Over the last few years Shiraz and Syrah wines have enjoyed a steady increase in popularity. In fact the grape varietal is currently the fifth most planted red grape. The popularity of this wine is well deserved. Full bodied and dark, its fruity, peppery flavour is bold and uncompromising, making it an ideal pairing for rich meats and grilled foods of all kinds.
However, before you rush off to buy a bottle it’s important to know exactly what you’re in for.
What’s in a name?
Depending on its point of origin, this wine will either be called Syrah or Shiraz. French, and indeed most European vineyards, label wines of this varietal as Syrah, while new-world producers in Australia, South Africa, and South America favour the term Shiraz.
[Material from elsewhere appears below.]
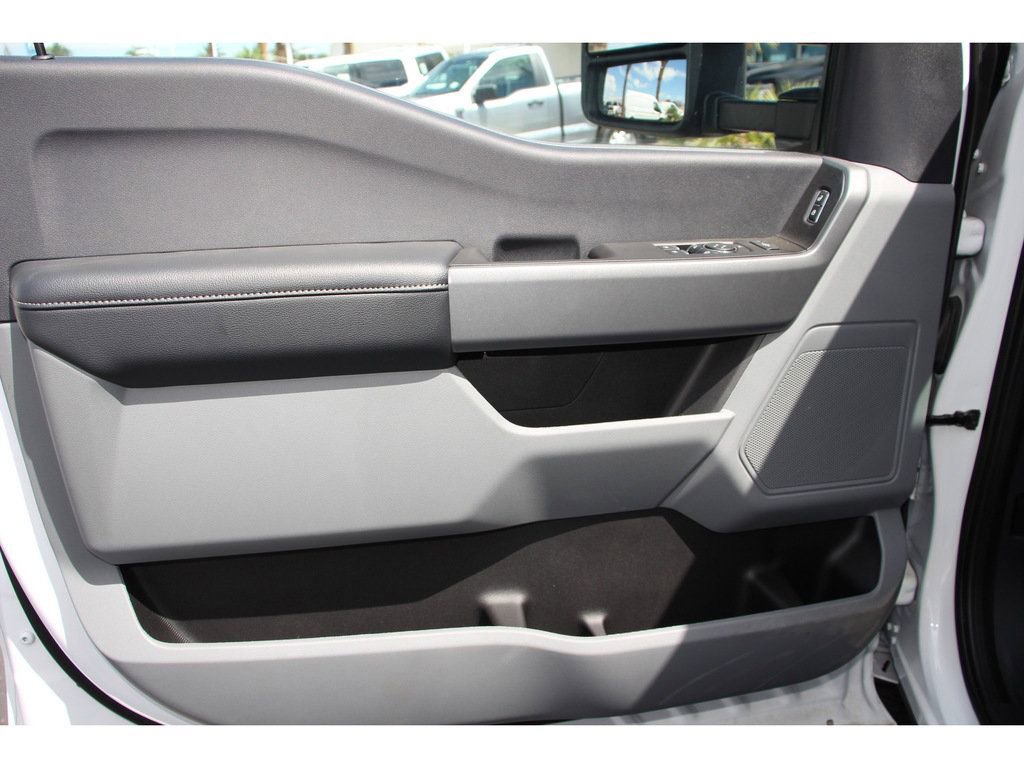 New 2024 Ford F350 XLT w/ XLT Value Package image 9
While both wines use the exact same grape varietal, in recent years a distinct difference has developed between Syrah and Shiraz. Syrah wine tends to be lighter in body, while wines labeled Shiraz will often be full-bodied, rich, and peppery.
One wine, two bodies
So which option should you go for? Well, it all really depends on your preference. When trying to choose between a Syrah and a Shiraz keep the following in mind:
Shiraz: Full bodied with a rich, intense fruity flavour. The wine will most likely feature plum, blackcurrant and plum notes and a distinct peppery flavour. These wines tend to have a higher alcohol content than Syrah thanks to their longer ripening time.
Syrah: Lighter than shiraz with less body. These wines tend to have a more complex flavour profile than shiraz. Expect flavours of cherry, smoke, and plum, as well as a distinct earthiness. Syrah’s are more acidic than shiraz and have softer tannins.
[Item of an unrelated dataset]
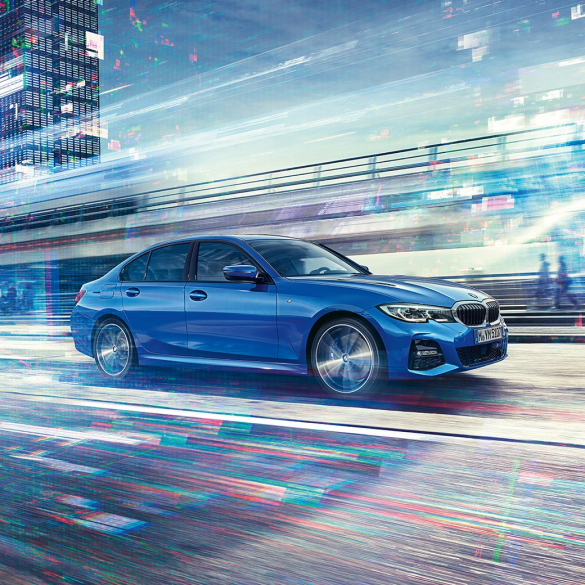 Perspectivă din lateral a BMW Seria 3 Sedan rulând. Perspectivă din lateral a BMW Seria 3 Sedan rulând pe timp de zi, într-un peisaj urban.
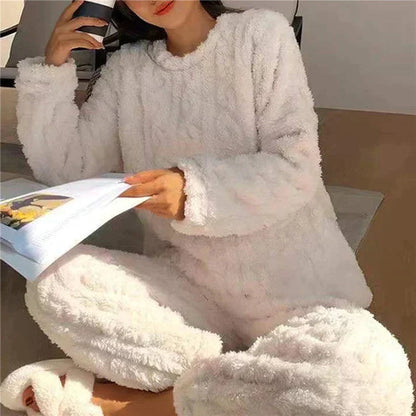 Lina | Cozy Fleece Lounge Pyjamaset Voor Dames – Warm, Zacht & Perfect Voor Koude Avonden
While in most cases you can reasonably expect the above flavour profiles to match the wine in question, occasionally the use of these names is not always consistent. Make sure you read the wines description on the label before purchasing.
What to pair them with
Thanks to the differences between Shiraz and Syrah, food pairings can be a little complicated.
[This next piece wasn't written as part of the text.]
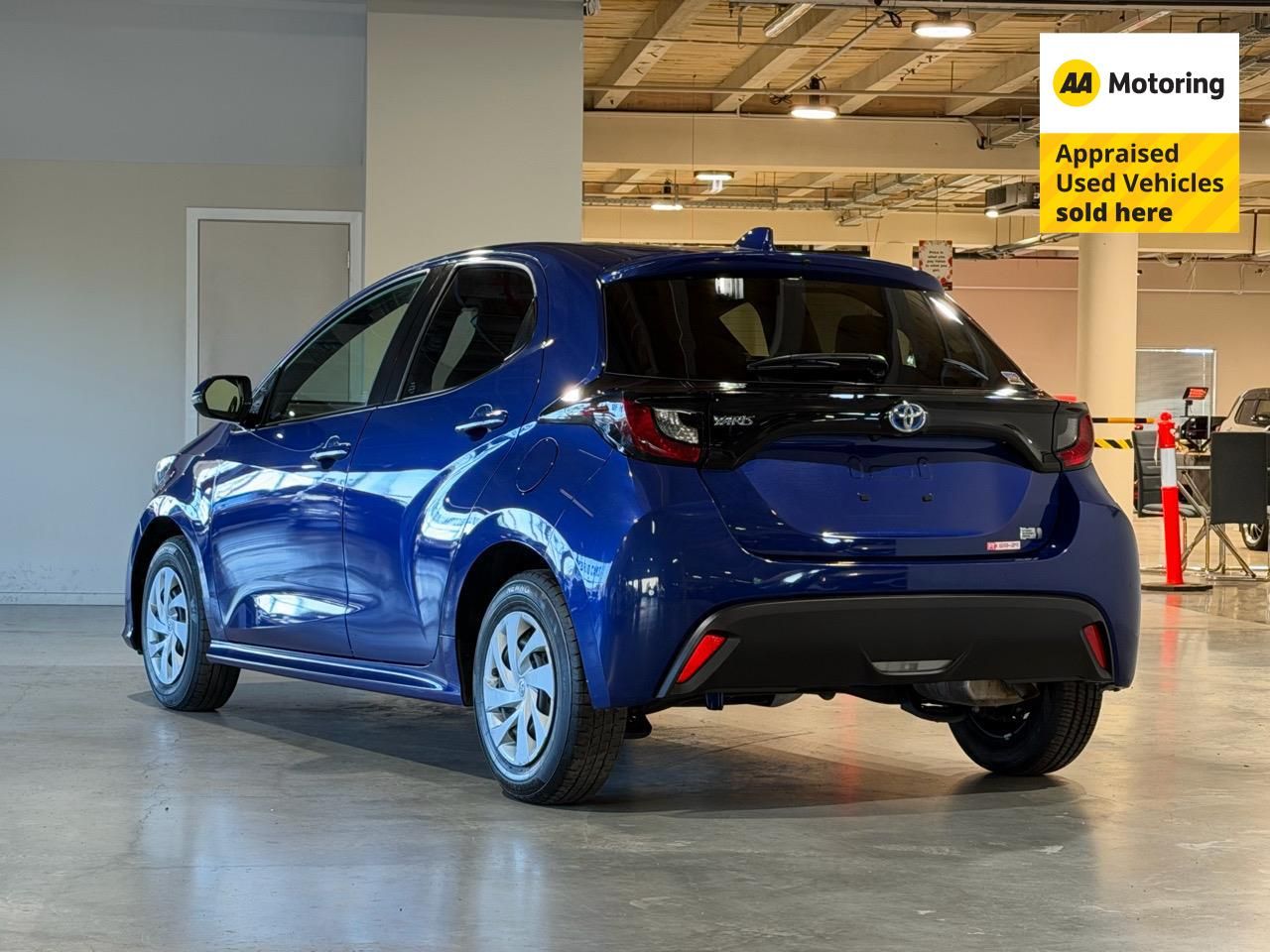 Vehicle image 5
Food that goes well with the lighter Syrah might not compliment the full bodied Shiraz, so keep that in mind when picking your poison. Both Syrah and shiraz go extremely well with grilled meats and vegetables, making them perfect wines for sunny days spent around the BBQ. Dark fruit and peppery dishes will bring out the spicy and juicy aspects of both wines. Finally, unless you really know what your doing, try to avoid pairing Syrah or Shiraz with fish dishes.
As the lighter of the two wines, Syrah pairs well with delicate foods. The delicate flavours of lamb pair extremely well with Syrah. Other meats to try included braised beef, grilled chicken, and duck. When it comes to vegetables, grilled peppers, onion, and mushroom will pair well with the wines earthy profile. Thanks to its low tannins Syrah pairs well with aged cheeses. Try some aged gouda, cheddar, or an intense blue cheese to really bring out the flavor.
The full bodied intensity of Shiraz pairs well with fatty grilled meats like pork ribs, beef short rib, and sausages of all kinds. Like Syrah, this wine also pairs well with grilled veggies. It’s also worth giving it a try with certain fruits. Try matching it with some apricot for an intense fruity punch. The strong tannin flavour makes this wine less suited to have with aged cheese.
This is only a small taste of the many foods that pair well with Syrah and Shiraz. Feel free to experiment with different foods and flavors. Cheers!